I was planning to hike Mt. Powell up in the Gore Range this weekend, but once I got up there I had kind of a bad vibe about it, and I couldn’t find a camp site, so after driving all the way past Vail, I called it off and rushed over to Mt. Elbert. It’s not the most exciting hike, but I was pretty sure I’d get a campsite, and I hadn’t done a 14er in like 4 or 5 weeks.
It was pretty close finding a campsite. I think I got the last one in the entire area, but I DID get one, so it worked out.
The hike itself was a lot of fun. It was crowded, but could have been a lot worse. Since this was a repeat and it was crowded, I didn’t waste much time or take many pictures. Basically just some random summit pics, and this panorama:
The 9.35 mile round trip took 3:09, including 15 minutes to eat lunch and take pics at the summit. So far it’s my fastest time on a 14er, but I think I could do better if I had brought my running shoes and a smaller pack. Maybe next time…
In anycase, here’s the GPS track.
It took a month, but I finally ran South Boulder and Bear Peaks in under 1:45. Got back to the car in exactly 1:45, with 2:20 stopped time.
Great timing because next weekend I’m going to start on the 14ers again, and I’m planning to do that every weekend till the end of October, so I wouldn’t have much time for these two.
Yesterday Rob and I rode the first section of the Colorado trail on our bikes. What was supposed to be an ordinary 5-6 hour ride turned into an 8 hour adventure. Writing out the whole story would take too long, but it suffices to say the second half of the trip was a train wreck. Regardless, we both had a lot of fun, and we know a few things not to do next time.

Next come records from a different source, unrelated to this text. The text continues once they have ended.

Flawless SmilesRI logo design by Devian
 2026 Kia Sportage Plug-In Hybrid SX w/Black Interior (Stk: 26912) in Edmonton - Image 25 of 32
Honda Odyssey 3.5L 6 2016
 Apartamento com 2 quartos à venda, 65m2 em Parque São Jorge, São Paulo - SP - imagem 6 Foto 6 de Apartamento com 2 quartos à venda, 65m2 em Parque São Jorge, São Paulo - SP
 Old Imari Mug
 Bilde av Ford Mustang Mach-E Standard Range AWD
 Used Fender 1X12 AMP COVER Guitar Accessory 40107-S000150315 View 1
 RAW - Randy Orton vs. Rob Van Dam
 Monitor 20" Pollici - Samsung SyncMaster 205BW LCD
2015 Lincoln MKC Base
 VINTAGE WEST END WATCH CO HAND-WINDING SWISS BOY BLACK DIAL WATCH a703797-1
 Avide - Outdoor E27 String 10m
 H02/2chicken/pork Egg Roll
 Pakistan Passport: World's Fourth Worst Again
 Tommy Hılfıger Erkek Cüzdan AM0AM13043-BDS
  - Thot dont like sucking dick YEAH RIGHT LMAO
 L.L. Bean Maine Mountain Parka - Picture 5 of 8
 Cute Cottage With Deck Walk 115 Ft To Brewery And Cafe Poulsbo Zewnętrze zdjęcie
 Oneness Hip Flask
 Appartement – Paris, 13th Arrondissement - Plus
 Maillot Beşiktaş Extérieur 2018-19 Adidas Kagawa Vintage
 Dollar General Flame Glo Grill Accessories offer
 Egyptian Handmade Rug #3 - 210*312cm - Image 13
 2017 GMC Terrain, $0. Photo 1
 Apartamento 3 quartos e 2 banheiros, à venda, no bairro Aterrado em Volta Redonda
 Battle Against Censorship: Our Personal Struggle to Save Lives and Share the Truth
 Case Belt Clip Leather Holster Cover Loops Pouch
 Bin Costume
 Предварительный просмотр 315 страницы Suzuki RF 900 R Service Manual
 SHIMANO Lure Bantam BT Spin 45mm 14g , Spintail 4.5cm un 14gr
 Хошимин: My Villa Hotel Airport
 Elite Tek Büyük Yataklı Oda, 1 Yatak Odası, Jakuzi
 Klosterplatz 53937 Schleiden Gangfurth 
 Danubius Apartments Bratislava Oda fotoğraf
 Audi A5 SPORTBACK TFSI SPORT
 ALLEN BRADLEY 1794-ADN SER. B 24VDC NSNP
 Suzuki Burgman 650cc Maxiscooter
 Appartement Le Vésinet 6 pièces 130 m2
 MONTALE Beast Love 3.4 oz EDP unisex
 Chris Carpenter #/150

Today I ran South Boulder and Bear Peaks again. I love how convenient these mountains are. I can sleep in and lounge around the house for half the day, then at 3:00 say to myself, “Crap, I’m wasting a nice day,” so I go run South Boulder and Bear Peaks. Afterwards it always feels like like I’ve had an epic day in the mountains.
This time I made it up and down in 1:53, beating my previous best time by over 2 minutes. I’m starting to think 1:45 won’t be as hard as I expected. Just need to keep building my stamina for climbing.
My only complaint is that it’s getting crowded as the weather warms up. I spent a lot of time getting out of people’s way, or waiting for them to get out of mine. Next weekend I’ll start later and hopefully avoid the crowd.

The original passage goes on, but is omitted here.